Mergers and acquisitions will heat up this year as insurers sell operations to bolster capital and strategic buyers look for expansion opportunities, according to a new study from Deloitte LLP.

Mergers and acquisitions will heat up this year as insurers sell operations to bolster capital and strategic buyers look for expansion opportunities, according to a new study from Deloitte LLP.
In the years leading up to last fall’s economic slide, market conditions encouraged carriers to grow organically. They entered 2008 with strong balance sheets and were in search of ways to deploy that capital, either by writing more business, raising dividends, buying back stock or making acquisitions, according to the report, “The 2009 Insurance M&A Outlook: Opportunity in an Uncertain Environment.”
Insurers are hurting from investments that have slumped in value, and their biggest worry is raising new capital to stave off ratings downgrades.

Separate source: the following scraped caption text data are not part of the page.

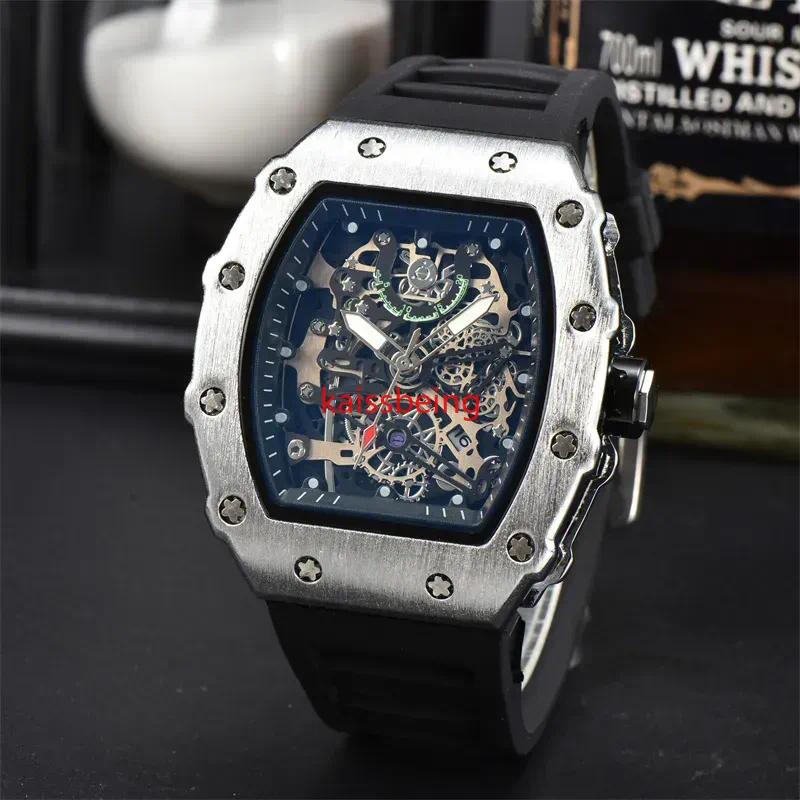 Popular Brand Luxury Watches for Men Sport Quartz Wristwatch Fashion Rubber Strap Sports Automatic Date Daily Waterproof Titanium Skeleton Male Clocks for Gift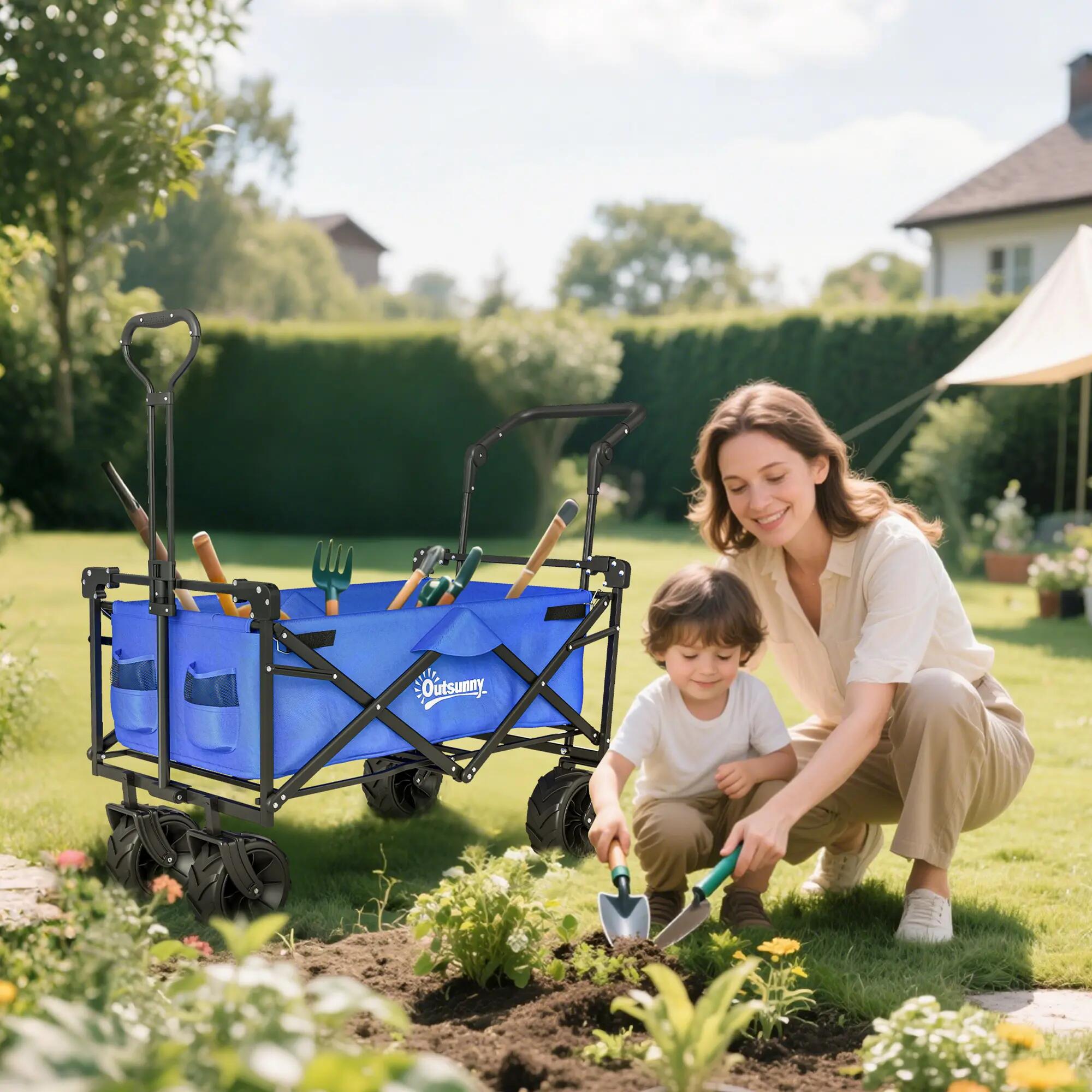 Chariot pliable tout-terrain avec toit poignée panier acier Oxford bleu 4/6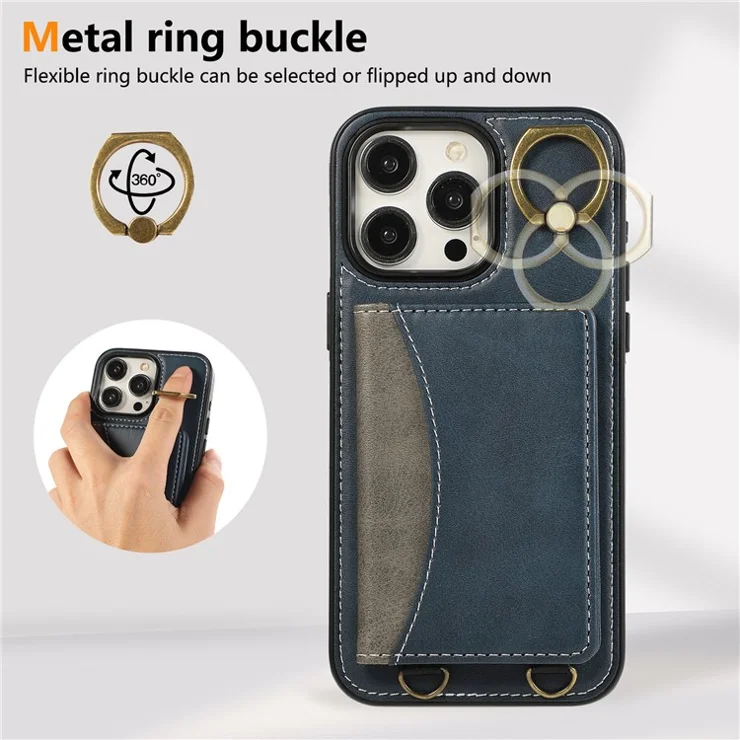 For iPhone 14 Pro Max PU Leather Back Case Card Holder Kickstand Phone Cover with Wrist Strap - Blue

New York-based Deloitte listed five situations in which merger activity tends to occur: after a catastrophe has left weakened balance sheets in its wake, at the beginning of a hard-pricing market, at the beginning of a weak pricing market when M&A is a way to pick up cheap assets, as a result of regulatory developments and when investment returns are low, according to the study.

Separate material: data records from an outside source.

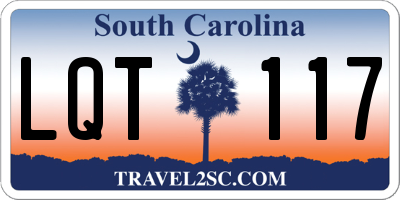 SC license plate LQT117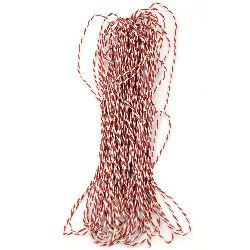 Paper cord 2 mm white and red -20 meters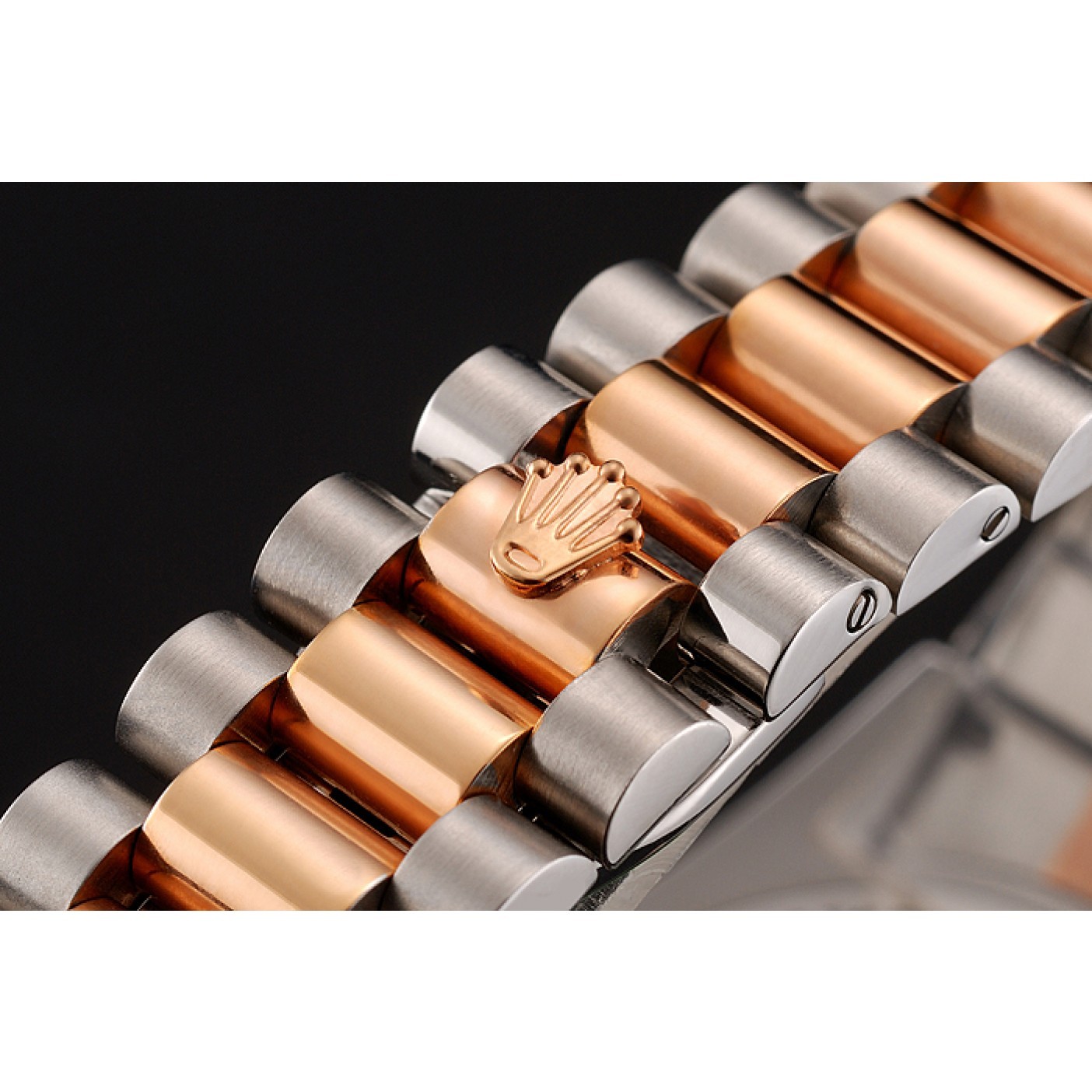 Swiss Rolex Day-Date Diamonds And Rubies Black Dial Rose Gold And Staineless Steel Bracelet 1454106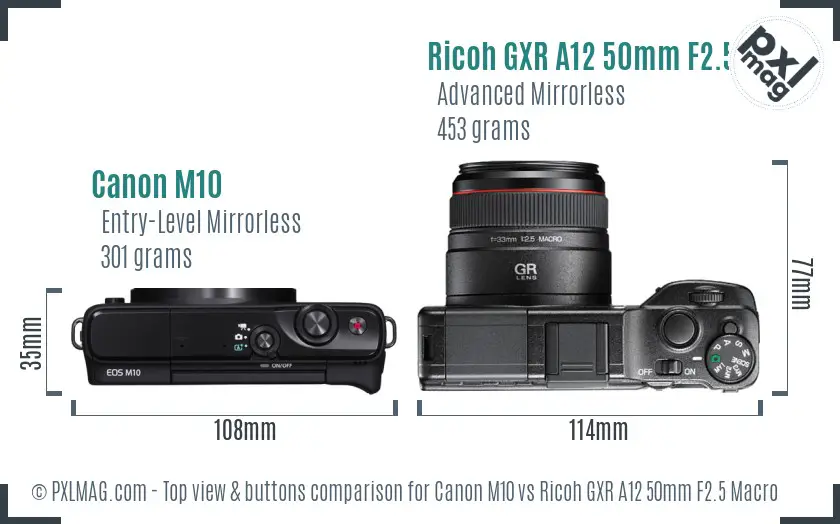 Canon M10 vs Ricoh GXR A12 50mm F2.5 Macro top view buttons comparison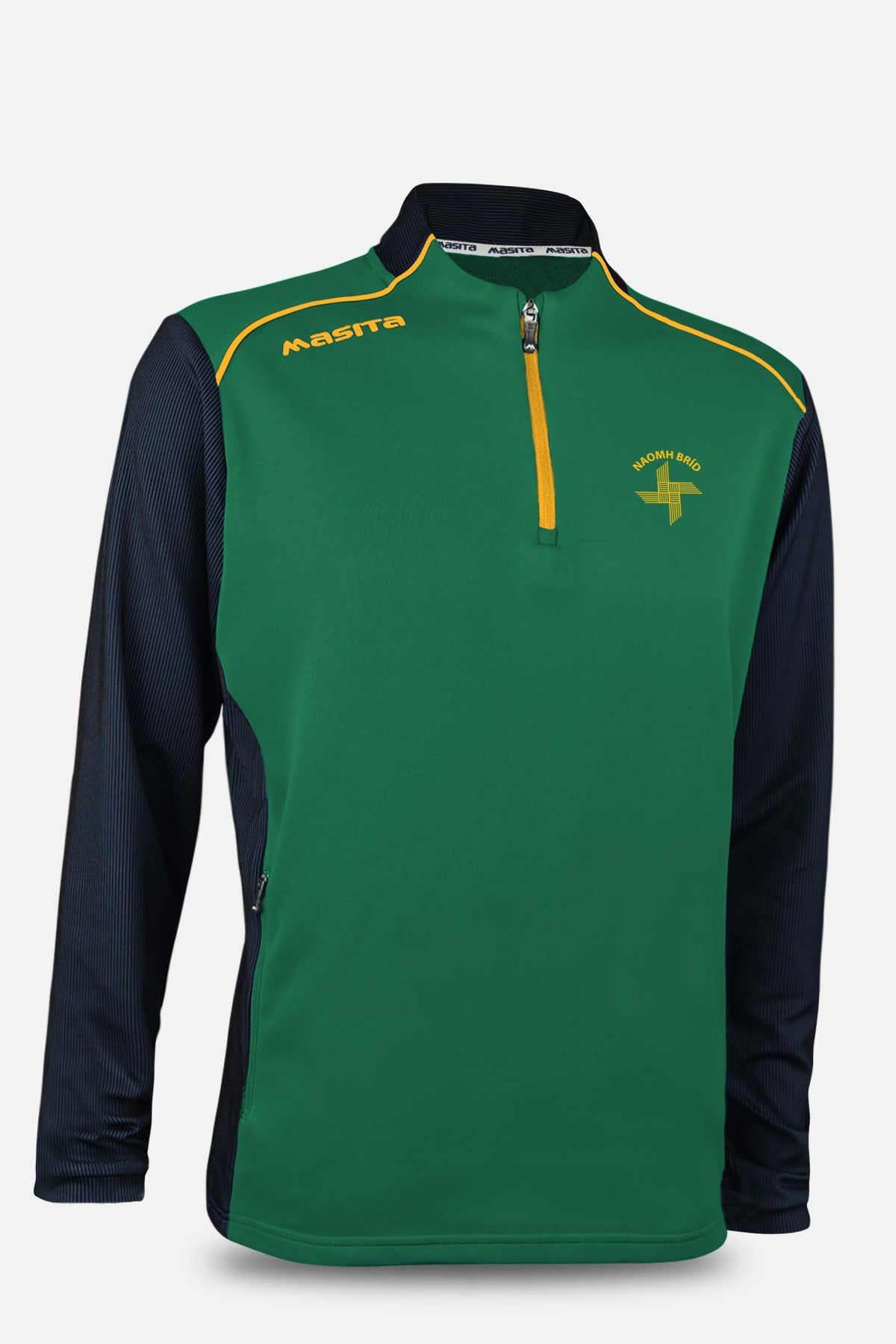 St Brigids Camogie Armagh Pop Up Arkansas Green/Amber Half Zip Kids & Adults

As insurers grapple with their own difficulties, lacking the cash to make attractive purchases, interested foreign buyers are likely to emerge, including Chinese and Japanese companies that are flush with foreign currency, as well as Bermudan and European carriers that managed to dodge large investment losses, according to Deloitte.
Buyers are also taking on risk through acquisitions, though. They need to structure the deals without raising their exposure to investment portfolio losses.
As a result, some buyers are trying to buy underwriting teams instead of the actual insurer, while other financial services companies seek a larger piece of the retirement market through a life or annuity company purchase, the study noted.
Deloitte also pointed out 10 factors that will affect mergers in the insurance industry, including the difficulty behind placing a value on insurers’ investment portfolios, the recent push for principles-based reserving — which requires insurers to model risks benefits and guarantees inherent to the products they sell — and changes in insurance company regulation.